Machine Learning Potentials for Hydrogen Absorption in TiCr$_2$ Laves Phases
Pranav Kumar, Fritz Körmann, Blazej Grabowski, Yuji Ikeda
TL;DR
The paper tackles how hydrogen atoms occupy and order within TiCr2 Laves phases (C15 and C14) across a wide concentration range by combining first-principles DFT with active-learning–driven moment tensor potentials.
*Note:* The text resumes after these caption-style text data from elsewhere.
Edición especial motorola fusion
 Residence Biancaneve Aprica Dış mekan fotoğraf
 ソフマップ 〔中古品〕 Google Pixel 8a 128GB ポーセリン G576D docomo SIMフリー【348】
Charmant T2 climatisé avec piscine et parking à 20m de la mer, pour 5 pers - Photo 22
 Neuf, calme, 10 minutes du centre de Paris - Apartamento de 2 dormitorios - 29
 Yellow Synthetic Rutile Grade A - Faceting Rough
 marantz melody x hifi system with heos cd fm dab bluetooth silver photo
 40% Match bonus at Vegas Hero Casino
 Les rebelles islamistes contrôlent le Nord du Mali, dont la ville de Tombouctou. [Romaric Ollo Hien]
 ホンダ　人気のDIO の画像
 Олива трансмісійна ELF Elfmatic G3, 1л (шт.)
It develops phase-specific MLIPs, uses BHMC to locate minimum-energy H configurations, and validates predictions against DFT, revealing solubility limits, two-phase regions, and novel ordered hydrides such as C15 with Cc symmetry at x ≈ 1 and C14 with Ama2 at x ≈ 1.5. The approach yields formation enthalpies and occupancy trends across 0 < x ≤ 6, reproducing experimental phase behavior at low temperatures and offering a robust framework for exploring PCT diagrams in hydrogen storage Laves-phase alloys. The work demonstrates that MLIPs can reliably extend first-principles insights to high-concentration regimes and complex ordering, enabling accelerated design of hydrogen storage materials.
Abstract
The energetics of hydrogen absorption in C15 cubic and C14 hexagonal TiCr$_2$H$_x$ Laves phases is investigated for $0 < x \le 6$ with density functional theory (DFT) and machine learning interatomic potentials (MLIPs). The MLIPs are trained with configurations generated through a series of active-learning schemes. Basin-hopping Monte Carlo (BHMC) simulations based on the MLIPs predict minimum-energy hydrogen configurations, along with enthalpies of formation and hydrogen orderings. The obtained phase transformations at 0 K agree well with the experiments at low temperatures. The hydrogen solubility limits in the low-concentration $α$ phases at 0 K are predicted to be $x = 1.0$ and $x = 1.5$ for the C15 and the C14 phases, respectively. At these concentrations, C15 TiCr$_2$H shows the $Cc$ monoclinic symmetry, while C14 TiCr$_2$H$_{1.5}$ shows the $Ama2$ orthorhombic symmetry, both of which have not been reported for this system. The first and the second hydride phases, i.e., $β$ and $β'$, at 0 K are found around $x = 3$ and $x = 4$, respectively, for both the C15 and the C14 phases. In the second-hydride $β'$ phases, C15 TiCr$_2$H$_4$ shows the $I4_1/a$ tetragonal symmetry, while C14 TiCr$_2$H$_4$ shows the $R\bar3c$ rhombohedral symmetry. Hydrogen repulsion are found to extend to edge-sharing interstices, affecting the hydrogen ordering. Furthermore, the $6h_2$ A$_2$B$_2$ interstices are found to be energetically substantially more preferable for C14 TiCr$_2$H$_x$ than the other A$_2$B$_2$ interstices at low hydrogen concentrations, influencing the hydrogen-occupation trend.